Work instruction - List every line in this data where the string "Used" occurs.

Extracted data entries
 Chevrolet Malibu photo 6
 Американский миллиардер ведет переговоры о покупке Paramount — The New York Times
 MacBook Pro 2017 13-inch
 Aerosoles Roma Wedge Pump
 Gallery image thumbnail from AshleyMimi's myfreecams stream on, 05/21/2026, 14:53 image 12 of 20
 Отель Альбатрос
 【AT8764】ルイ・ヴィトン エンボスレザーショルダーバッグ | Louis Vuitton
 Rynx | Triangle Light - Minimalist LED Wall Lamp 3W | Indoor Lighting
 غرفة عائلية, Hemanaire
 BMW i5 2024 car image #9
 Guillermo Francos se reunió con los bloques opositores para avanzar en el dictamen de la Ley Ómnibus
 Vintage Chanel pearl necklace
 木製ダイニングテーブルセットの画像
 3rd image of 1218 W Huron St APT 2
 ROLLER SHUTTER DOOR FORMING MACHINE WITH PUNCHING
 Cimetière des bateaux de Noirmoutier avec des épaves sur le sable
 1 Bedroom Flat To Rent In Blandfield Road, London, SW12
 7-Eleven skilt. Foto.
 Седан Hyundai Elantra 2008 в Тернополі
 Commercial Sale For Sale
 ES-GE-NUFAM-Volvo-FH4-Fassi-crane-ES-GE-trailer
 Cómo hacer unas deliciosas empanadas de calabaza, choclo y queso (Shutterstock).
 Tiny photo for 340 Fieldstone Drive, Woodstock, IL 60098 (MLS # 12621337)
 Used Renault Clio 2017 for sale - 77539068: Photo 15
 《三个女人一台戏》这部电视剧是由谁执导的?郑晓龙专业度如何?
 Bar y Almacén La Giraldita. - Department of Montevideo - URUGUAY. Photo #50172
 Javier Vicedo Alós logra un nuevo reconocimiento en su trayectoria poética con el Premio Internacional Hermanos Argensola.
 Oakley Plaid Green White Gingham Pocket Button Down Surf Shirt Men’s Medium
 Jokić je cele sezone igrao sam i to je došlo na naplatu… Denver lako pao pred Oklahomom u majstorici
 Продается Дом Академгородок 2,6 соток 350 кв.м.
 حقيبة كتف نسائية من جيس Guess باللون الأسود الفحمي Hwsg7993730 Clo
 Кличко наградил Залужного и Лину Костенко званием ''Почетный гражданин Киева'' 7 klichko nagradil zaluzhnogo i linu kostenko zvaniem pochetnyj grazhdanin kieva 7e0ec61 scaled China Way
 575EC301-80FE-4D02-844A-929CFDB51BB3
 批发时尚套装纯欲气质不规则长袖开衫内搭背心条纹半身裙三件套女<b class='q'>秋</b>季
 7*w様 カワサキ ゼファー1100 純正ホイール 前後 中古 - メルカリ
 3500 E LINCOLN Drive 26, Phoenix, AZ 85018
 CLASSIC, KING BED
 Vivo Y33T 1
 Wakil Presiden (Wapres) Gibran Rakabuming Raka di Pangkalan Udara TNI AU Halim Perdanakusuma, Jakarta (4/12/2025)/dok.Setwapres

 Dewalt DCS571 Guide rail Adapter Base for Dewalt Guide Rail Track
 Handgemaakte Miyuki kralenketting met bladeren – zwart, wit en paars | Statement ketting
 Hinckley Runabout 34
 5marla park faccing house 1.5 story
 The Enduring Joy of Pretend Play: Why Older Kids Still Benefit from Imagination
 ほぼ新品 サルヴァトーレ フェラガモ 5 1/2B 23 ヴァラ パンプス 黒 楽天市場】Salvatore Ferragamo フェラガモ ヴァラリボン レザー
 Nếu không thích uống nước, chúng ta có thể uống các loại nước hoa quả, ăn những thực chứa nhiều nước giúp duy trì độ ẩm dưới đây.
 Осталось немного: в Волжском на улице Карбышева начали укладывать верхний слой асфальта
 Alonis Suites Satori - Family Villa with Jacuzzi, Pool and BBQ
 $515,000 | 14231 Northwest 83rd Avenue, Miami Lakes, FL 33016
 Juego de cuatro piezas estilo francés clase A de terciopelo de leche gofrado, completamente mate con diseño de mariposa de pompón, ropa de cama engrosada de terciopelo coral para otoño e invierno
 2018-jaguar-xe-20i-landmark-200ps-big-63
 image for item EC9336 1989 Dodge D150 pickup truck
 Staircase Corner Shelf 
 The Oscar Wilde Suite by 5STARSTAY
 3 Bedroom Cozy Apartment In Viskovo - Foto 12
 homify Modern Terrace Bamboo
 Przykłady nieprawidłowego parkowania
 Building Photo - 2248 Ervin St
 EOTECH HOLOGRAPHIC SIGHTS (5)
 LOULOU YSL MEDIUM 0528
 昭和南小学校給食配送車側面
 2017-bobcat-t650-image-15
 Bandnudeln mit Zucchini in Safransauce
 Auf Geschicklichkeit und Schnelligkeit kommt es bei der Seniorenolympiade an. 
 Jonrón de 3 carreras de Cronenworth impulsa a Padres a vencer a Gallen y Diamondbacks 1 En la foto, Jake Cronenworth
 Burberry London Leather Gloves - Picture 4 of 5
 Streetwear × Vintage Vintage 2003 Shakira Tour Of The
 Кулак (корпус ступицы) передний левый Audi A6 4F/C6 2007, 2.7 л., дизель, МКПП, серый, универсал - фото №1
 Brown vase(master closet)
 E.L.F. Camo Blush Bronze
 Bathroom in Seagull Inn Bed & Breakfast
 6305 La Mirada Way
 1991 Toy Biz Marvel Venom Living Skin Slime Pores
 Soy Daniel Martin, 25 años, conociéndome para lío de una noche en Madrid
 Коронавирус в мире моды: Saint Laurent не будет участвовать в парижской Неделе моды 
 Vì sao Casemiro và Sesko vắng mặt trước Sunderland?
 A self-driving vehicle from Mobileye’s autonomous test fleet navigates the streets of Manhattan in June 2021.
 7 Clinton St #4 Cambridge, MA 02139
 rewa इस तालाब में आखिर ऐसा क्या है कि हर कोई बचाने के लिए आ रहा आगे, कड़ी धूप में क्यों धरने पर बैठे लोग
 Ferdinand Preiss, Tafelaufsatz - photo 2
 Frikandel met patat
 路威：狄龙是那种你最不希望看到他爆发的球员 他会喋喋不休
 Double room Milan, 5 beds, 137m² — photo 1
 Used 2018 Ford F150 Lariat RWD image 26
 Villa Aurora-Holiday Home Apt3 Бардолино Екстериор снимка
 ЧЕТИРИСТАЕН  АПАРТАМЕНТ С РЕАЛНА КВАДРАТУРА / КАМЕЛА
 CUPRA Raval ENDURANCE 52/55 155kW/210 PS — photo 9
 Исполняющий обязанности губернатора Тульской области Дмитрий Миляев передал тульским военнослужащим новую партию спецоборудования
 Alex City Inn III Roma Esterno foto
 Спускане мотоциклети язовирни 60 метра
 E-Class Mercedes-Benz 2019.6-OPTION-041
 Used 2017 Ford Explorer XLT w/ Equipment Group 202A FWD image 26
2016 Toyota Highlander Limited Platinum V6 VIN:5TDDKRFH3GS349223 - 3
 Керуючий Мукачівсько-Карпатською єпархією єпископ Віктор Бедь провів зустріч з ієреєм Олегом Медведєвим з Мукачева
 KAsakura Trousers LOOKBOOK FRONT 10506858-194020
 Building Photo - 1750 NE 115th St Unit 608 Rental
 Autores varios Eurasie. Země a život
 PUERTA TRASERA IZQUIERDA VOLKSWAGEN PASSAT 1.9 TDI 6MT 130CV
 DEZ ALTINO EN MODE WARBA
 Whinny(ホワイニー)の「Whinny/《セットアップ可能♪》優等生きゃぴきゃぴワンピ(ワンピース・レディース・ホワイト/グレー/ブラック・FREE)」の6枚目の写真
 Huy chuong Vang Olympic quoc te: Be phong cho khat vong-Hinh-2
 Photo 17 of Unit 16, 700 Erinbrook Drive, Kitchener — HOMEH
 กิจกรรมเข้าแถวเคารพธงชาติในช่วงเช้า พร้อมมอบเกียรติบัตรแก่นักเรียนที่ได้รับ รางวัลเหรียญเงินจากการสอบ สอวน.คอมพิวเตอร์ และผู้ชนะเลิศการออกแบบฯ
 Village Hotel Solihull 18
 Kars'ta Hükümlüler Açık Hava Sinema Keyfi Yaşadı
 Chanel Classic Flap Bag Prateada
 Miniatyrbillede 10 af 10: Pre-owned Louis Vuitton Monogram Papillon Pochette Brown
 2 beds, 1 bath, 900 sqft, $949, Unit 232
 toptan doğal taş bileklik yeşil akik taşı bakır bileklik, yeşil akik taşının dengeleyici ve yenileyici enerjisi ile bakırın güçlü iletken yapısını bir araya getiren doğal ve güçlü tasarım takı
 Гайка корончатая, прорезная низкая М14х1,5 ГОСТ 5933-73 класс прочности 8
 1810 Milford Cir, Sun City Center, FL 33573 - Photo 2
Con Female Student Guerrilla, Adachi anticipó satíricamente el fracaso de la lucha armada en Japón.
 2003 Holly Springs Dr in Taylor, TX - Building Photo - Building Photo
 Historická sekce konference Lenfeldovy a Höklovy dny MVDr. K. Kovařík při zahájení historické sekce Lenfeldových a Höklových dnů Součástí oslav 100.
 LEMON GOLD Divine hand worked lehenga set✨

Result -
 Used Renault Clio 2017 for sale - 77539068: Photo 15
 Used 2018 Ford F150 Lariat RWD image 26
 Used 2017 Ford Explorer XLT w/ Equipment Group 202A FWD image 26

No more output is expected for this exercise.